Recent headlines out of Duluth haven’t been pretty — except when they’ve been over pictures of the Tiffany window that the city may auction off to get out of a $6.5 million budget hole. City officials’ efforts to sell off another public asset — parkland along picturesque Park Point — puts Duluth in the same league as one of the Twin Cities metro area’s tiniest towns: little Lilydale, Minn.

That mini-municipality decided last spring to put up for sale a less-than-one-acre park parcel on a bluff overlooking the Mississippi River as a way to erase its own $230,000 debt in one fell swoop. (UPDATE: Lilydale City Clerk Joan Olin informs MnIndy: “We are selling the property. The current amount is $249,000. With the market as it is, it has not yet sold.”) In both cases the properties had been donated as dedicated city parkland, but legal oversights left them vulnerable to re-purposing as cash cows.

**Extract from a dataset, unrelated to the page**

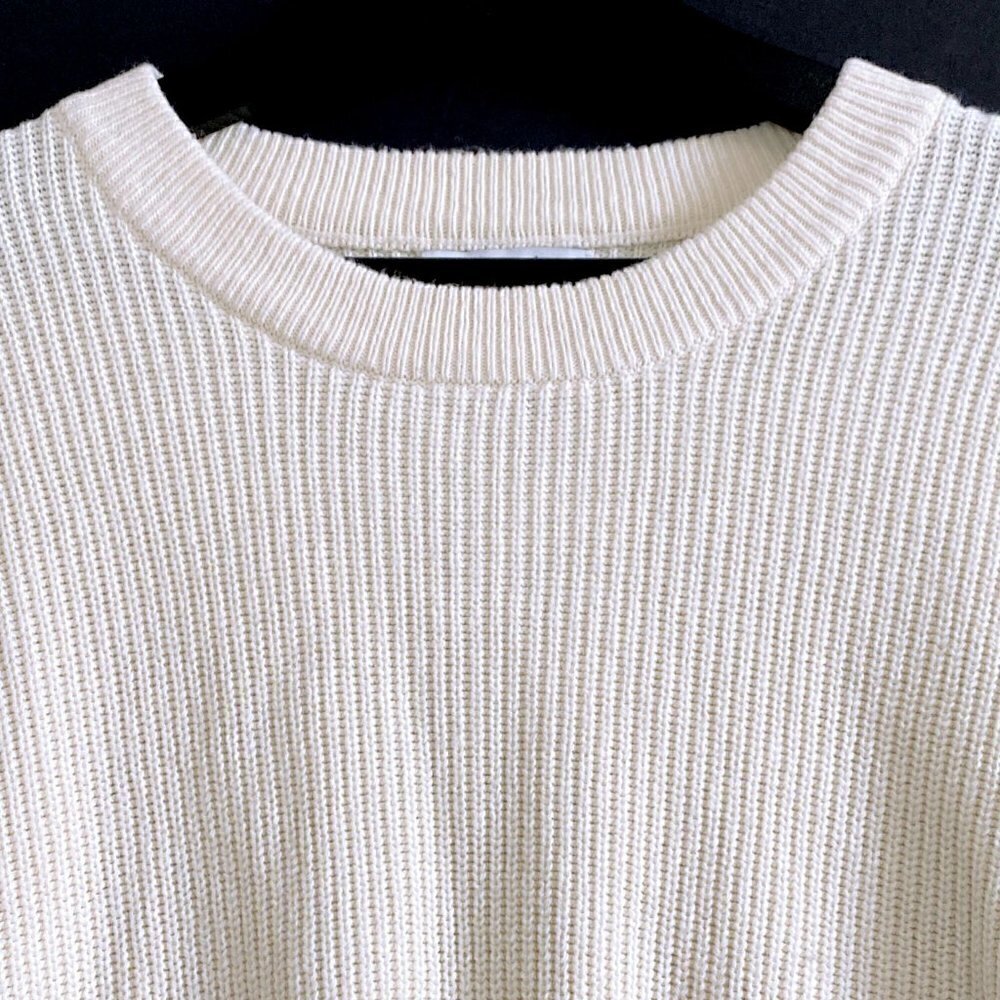 NWOT Madewell Patch Pocket Pullover Ivory Sweater Size 2X - Picture 6 of 11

Even amid sizable city layoffs, fire truck decommissionings, and library and school cutbacks, the sale of the parkland and the Tiffany window have attracted attention as marquee public assets, the sale of which would be key money-makers in the effort to balance the city’s budget. Duluth councilors put off a decision on the window Monday but voted to rezone the parkland for residential development, hoping to unload the 425 feet of Lake Superior frontage for $1.5 million. That’s half the world-record $3 million take they expect to get for “Minnehaha,” the Tiffany window.

“Minnehaha” will head to an auction house for an October sale if no local buyer comes forward by Sept. 17. Environmental groups don’t have much more time to seal a deal for the parkland, and the city’s rezoning action may have upped the pricetag beyond the reach of nonprofit purses. The state Department of Natural Resources, which already owns 18 acres of forest on Park Point, has so far demurred on buying the property.

Park Point native and current resident Jake Kapsner tells the Minnesota Independent that he understands the difficult financial position Duluth Mayor Don Ness and city councilors find themselves in, as they make cuts in basic city services. But still, Kapsner said, he wonders about selling off public assets like parkland and art: “What do you get rid of to solve [what may be] temporary situations?”